Under these conditions, perhaps we could find a moment today, at the beginning rather than at the end of the meeting, to determine whether it would be possible to examine or reiterate this motion or even to ask the new Minister of Justice to meet with us to discuss his intentions regarding the access to information bill.

9 a.m.

Liberal

The Chair Liberal Tom Wappel

That's all very interesting. I have to point out that the meeting was called for the purposes of hearing our witnesses, and they are here today, so I don't think it's fair to them to have us get into a prolonged discussion on that issue. If there's time at the end of the meeting, then we could certainly deal with it.

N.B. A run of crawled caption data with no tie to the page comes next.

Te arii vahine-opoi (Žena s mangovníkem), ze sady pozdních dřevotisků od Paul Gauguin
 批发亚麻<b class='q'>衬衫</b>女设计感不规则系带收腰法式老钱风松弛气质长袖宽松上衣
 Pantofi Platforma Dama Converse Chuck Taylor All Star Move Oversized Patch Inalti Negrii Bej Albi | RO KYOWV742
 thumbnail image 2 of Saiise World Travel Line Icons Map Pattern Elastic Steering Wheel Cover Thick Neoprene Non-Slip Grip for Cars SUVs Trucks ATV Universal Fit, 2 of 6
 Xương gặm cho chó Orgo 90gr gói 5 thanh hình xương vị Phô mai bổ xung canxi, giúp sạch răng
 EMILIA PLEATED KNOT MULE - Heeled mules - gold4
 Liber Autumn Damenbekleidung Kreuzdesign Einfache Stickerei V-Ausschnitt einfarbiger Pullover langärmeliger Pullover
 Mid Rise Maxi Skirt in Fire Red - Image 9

I don't disagree with anything that you said, Madame Lavallée, and it would not be a bad idea if we had an opportunity to call the Minister of Justice on this issue; however, we've already decided on a work plan that provides for what we're going to be doing with respect to PIPEDA from now until pretty well the end of February, so if you want to bring another motion or have the committee consider it, please by all means do that.

I also point out that there is the opportunity for the oppositionto ask questions of the ministers in the House of Commons, and one hopes that possibly an answer might be forthcoming, so if you don't mind, I'd like to welcome our witnesses and encourage you to find the appropriate method by which to bring this matter forward.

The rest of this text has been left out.